→ Exercise requirements
Return the material below exactly, but only from the line with "Autos - Volkswagen" through the line with "Geros vasarinės 225/55", and without its pictures.

***

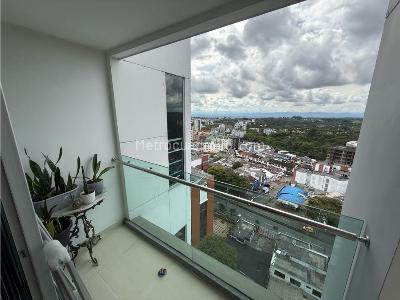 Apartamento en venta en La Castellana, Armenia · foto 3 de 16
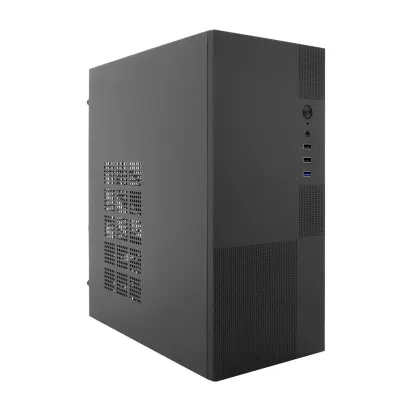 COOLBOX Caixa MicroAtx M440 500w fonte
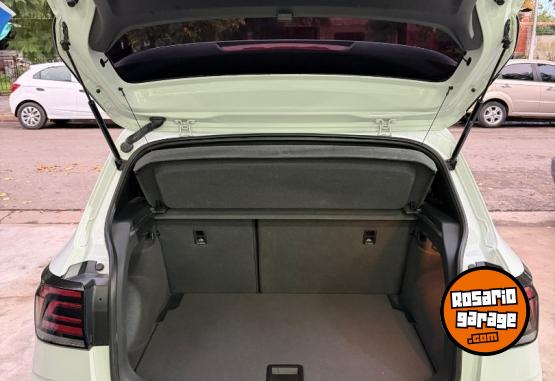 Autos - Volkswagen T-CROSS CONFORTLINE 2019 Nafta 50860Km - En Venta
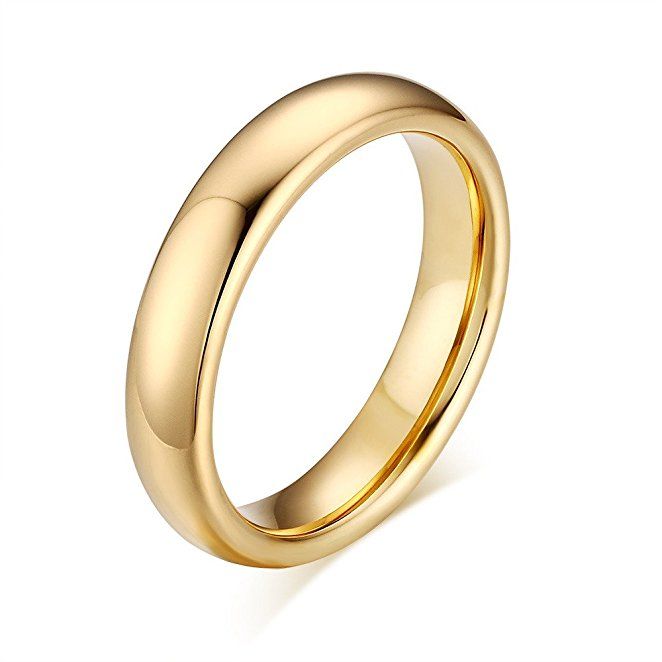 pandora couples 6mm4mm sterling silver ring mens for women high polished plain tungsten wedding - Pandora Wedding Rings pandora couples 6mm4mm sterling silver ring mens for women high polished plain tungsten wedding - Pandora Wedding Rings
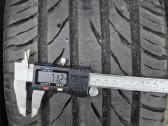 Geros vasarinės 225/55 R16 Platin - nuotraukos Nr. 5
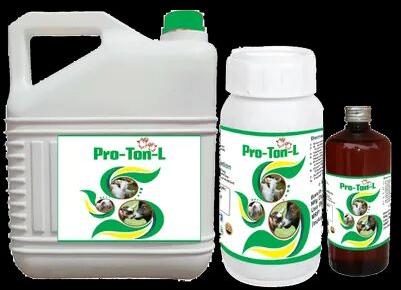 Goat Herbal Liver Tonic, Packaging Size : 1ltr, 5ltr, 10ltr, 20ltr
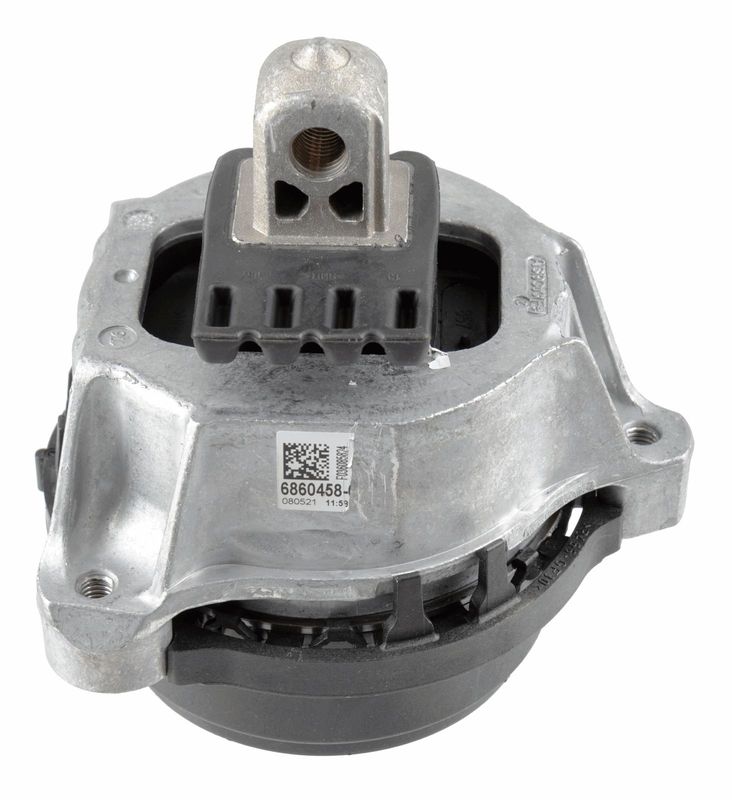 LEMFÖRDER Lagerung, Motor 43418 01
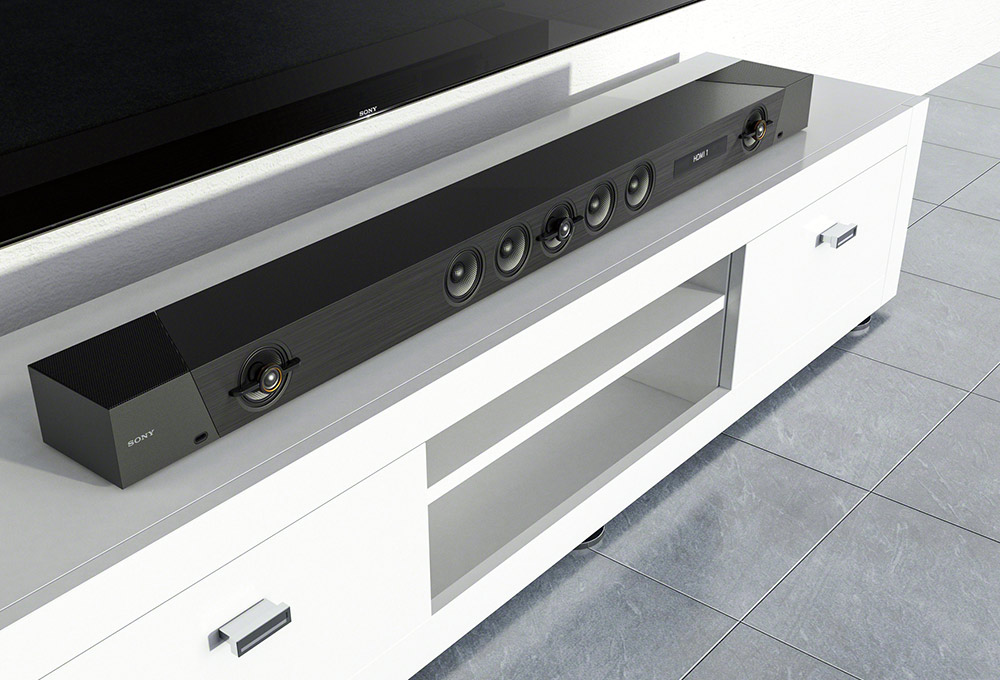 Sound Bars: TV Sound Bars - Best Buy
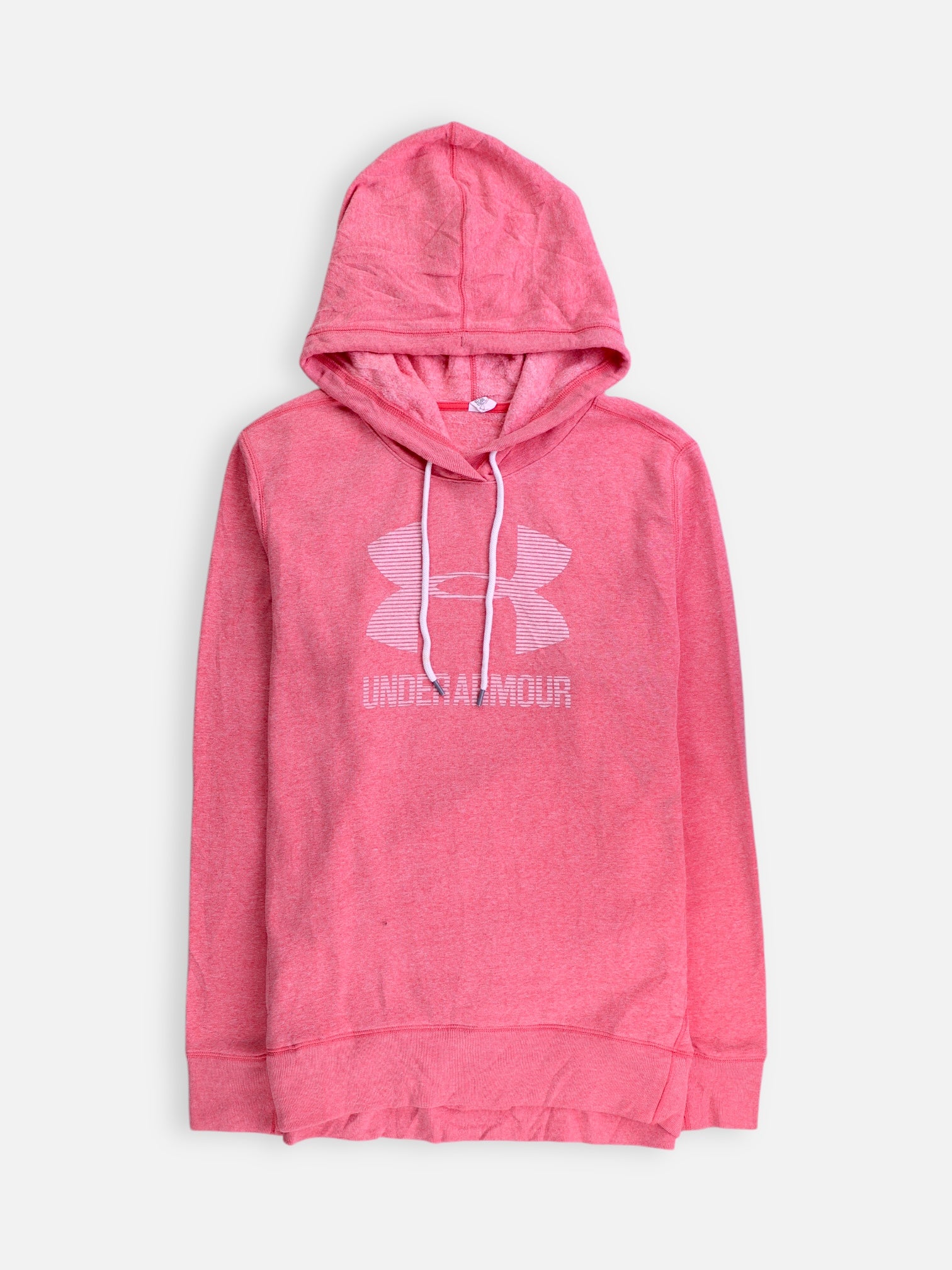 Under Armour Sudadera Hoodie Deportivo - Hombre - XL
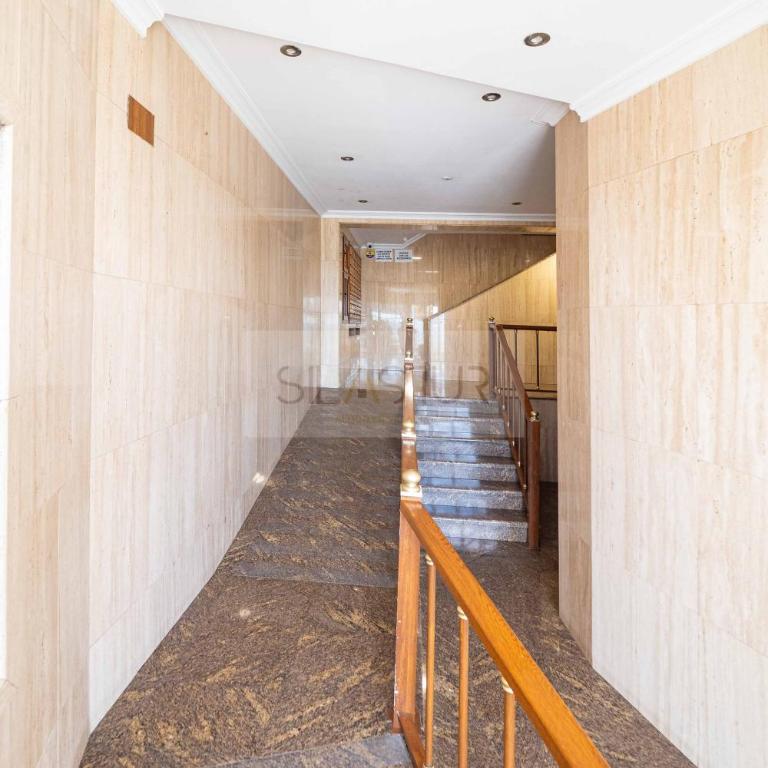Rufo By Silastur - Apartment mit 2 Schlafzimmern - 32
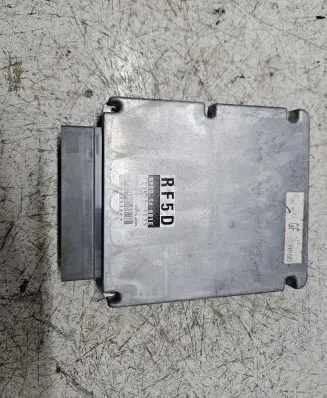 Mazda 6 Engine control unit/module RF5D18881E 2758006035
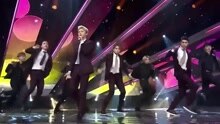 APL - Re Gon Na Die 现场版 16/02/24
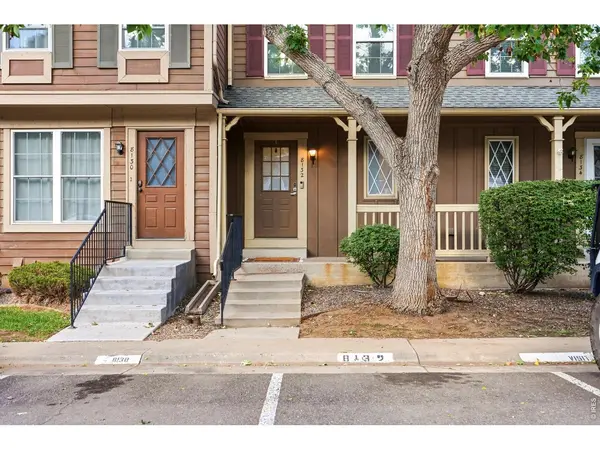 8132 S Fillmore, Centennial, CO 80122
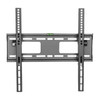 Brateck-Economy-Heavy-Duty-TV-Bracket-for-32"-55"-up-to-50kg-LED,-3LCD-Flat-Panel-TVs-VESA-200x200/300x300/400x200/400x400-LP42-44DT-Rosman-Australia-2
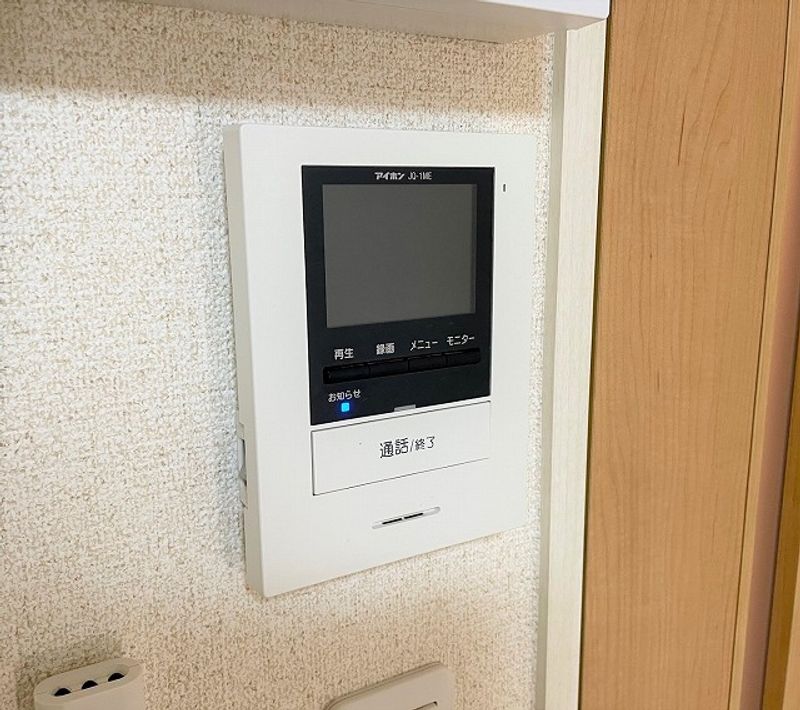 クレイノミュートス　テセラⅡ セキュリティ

***

→ Finished task
 Autos - Volkswagen T-CROSS CONFORTLINE 2019 Nafta 50860Km - En Venta
 pandora couples 6mm4mm sterling silver ring mens for women high polished plain tungsten wedding - Pandora Wedding Rings pandora couples 6mm4mm sterling silver ring mens for women high polished plain tungsten wedding - Pandora Wedding Rings
 Geros vasarinės 225/55 R16 Platin - nuotraukos Nr. 5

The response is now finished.